Warren and Sanders are the only two of Tuesday's candidates polling in the double digits.
Joining them, from left to right on stage, will be author Marianne Williamson; Rep. Tim Ryan, D-Ohio; Sen. Amy Klobuchar, D-Minn.; South Bend, Indiana, Mayor Pete Buttigieg; former Texas Rep. Beto O'Rourke; former Colorado Gov. John Hickenlooper; former Maryland Rep. John Delaney; and Montana Gov. Steve Bullock.
The other eight candidates appearing Tuesday will be looking to create a moment that can propel them out of the single digits.
To make the cutoff for the third debate, scheduled for September, candidates will have to meet higher polling and contribution thresholds.
More than half the candidates appearing Tuesday — all except for Warren, Sanders, Buttigieg and O'Rourke — are polling below the 2% requirement set by the Democratic National Committee, according to an average compiled by Real Clear Politics.
The presence of the race's most prominent progressives may provide fodder for those to their right. Some moderates, such as Klobuchar, Hickenlooper and Delaney, have already signaled they may challenge Sanders and Warren over health care.
There will be one new face. Bullock will be the only candidate to appear for the first time on the debate stage. The Montana governor, the only Democratic contender elected to statewide office in 2016 in a state Trump won, did not make the cut for the first debates in Miami last month.
Notably, despite a field featuring a number of candidates of color, all of the candidates debating Tuesday are white.

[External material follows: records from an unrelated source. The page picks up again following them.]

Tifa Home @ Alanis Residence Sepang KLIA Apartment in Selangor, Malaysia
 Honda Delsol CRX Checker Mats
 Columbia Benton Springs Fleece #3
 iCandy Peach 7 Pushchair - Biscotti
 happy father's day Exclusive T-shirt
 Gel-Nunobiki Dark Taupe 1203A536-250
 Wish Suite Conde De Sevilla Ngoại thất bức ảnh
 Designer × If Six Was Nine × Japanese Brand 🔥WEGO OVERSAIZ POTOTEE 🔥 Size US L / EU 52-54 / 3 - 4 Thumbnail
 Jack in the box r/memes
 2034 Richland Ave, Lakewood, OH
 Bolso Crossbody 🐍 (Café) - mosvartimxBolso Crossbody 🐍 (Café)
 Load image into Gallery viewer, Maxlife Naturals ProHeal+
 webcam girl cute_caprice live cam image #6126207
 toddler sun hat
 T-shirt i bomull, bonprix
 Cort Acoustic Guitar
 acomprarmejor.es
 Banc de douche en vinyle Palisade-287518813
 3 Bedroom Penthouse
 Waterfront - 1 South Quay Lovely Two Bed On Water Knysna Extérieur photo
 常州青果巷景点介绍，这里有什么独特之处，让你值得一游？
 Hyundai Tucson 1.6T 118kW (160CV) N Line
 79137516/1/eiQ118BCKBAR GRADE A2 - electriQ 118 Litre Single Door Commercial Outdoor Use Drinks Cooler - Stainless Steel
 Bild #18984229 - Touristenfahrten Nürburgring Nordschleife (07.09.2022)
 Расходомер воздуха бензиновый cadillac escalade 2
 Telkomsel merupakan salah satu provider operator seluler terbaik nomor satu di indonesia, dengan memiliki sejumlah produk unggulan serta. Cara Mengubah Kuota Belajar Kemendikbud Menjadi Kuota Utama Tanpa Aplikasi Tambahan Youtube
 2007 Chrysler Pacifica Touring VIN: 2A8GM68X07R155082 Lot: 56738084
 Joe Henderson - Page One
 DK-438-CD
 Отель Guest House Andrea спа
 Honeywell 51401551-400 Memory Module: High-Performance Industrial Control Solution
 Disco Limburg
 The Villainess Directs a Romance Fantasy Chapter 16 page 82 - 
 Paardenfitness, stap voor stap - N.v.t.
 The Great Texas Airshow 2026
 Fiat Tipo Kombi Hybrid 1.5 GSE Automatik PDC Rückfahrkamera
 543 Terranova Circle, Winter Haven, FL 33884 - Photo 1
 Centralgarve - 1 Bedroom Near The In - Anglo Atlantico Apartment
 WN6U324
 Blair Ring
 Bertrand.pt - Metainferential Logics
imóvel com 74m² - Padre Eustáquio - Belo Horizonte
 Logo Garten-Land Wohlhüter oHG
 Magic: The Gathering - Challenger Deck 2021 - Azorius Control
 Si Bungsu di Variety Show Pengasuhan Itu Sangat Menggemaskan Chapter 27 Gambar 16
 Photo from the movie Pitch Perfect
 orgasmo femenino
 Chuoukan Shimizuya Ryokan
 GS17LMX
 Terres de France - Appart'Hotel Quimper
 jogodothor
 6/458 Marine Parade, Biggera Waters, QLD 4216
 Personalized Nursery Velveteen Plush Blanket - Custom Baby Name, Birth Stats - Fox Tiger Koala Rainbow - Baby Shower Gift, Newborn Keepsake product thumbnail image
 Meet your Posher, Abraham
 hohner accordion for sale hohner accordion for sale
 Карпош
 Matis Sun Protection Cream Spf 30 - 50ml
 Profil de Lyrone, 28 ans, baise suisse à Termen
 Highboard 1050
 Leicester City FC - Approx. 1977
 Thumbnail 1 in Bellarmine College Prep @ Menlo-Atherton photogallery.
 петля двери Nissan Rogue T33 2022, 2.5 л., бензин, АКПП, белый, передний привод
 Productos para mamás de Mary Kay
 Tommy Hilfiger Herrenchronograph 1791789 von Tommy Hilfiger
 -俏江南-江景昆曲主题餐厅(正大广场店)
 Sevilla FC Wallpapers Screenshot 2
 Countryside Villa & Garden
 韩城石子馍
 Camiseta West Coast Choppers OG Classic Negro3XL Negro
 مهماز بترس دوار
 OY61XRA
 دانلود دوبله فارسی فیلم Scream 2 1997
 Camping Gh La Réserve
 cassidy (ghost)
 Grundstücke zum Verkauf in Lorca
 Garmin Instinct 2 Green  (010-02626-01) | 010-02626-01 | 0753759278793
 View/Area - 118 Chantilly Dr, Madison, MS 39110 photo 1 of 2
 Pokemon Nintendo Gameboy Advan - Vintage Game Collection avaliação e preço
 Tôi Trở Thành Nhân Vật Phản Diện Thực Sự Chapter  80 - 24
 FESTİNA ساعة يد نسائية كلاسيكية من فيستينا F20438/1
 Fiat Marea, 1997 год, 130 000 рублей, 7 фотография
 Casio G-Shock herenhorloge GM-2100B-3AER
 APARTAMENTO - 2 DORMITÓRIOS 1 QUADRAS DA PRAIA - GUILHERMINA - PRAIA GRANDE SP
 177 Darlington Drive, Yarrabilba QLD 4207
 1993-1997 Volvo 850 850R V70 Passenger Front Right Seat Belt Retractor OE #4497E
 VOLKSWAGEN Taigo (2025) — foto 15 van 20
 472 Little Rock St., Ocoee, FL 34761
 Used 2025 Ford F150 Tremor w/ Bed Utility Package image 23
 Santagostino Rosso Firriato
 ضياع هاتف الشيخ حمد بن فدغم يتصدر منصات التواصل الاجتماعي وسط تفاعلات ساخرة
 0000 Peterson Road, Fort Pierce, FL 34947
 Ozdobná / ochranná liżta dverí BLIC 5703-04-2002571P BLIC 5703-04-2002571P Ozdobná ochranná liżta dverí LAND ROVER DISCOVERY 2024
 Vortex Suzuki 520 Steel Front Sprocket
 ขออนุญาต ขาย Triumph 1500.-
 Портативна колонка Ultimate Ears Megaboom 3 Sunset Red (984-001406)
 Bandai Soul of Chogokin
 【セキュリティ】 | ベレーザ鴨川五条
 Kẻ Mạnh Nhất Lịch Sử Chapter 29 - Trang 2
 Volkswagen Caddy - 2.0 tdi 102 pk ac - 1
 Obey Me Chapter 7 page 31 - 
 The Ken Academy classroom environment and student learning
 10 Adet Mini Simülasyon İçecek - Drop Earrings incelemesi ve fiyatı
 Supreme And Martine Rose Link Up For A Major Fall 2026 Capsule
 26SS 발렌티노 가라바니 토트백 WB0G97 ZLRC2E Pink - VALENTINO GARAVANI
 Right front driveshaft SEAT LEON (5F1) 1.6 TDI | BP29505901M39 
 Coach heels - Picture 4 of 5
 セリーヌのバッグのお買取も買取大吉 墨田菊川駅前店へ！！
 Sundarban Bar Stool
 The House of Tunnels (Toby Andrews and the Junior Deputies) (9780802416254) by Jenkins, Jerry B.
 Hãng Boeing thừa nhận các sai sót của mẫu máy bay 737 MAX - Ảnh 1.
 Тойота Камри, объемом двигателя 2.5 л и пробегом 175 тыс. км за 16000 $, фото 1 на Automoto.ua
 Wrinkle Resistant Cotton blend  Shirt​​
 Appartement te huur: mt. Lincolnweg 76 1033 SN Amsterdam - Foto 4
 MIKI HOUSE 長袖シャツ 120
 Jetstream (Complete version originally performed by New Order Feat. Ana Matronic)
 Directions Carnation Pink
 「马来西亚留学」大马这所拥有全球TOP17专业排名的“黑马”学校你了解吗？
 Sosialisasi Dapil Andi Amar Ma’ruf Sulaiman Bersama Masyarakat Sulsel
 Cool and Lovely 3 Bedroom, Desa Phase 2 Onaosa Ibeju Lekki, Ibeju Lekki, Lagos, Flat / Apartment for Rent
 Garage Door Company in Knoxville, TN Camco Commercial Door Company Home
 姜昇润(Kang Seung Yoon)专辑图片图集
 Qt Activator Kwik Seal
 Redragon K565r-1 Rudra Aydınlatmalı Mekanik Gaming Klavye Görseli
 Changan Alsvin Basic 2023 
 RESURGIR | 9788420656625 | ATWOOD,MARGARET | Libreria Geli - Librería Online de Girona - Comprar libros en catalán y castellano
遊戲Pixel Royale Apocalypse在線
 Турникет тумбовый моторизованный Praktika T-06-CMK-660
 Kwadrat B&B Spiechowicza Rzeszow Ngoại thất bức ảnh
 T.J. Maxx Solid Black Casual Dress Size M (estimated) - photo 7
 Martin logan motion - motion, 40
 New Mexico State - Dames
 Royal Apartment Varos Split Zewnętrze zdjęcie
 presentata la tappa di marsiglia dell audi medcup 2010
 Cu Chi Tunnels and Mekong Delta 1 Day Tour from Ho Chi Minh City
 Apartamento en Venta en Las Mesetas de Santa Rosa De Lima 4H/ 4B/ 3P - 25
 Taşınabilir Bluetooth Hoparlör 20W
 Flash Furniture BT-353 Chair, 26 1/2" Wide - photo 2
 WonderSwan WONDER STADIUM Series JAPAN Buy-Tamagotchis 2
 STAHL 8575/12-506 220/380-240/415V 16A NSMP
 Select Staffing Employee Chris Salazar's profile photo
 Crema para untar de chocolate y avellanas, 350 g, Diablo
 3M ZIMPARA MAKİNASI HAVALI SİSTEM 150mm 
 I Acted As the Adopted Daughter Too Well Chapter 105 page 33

The debate lineups were selected by a random draw live on television.
The debate format calls for each candidate to deliver 60-second opening and closing statements, and the same amount of time for responses to questions from the moderators. Candidates will have 30 seconds for rebuttals to their rivals.
Ahead of the debate, CNN announced that it will not ask any show-of-hand questions. Candidates attacked by name will have 30 seconds to respond. Candidates who consistently interrupt will have their time reduced, the network said.
The moderators are Dana Bash, Don Lemon and Jake Tapper.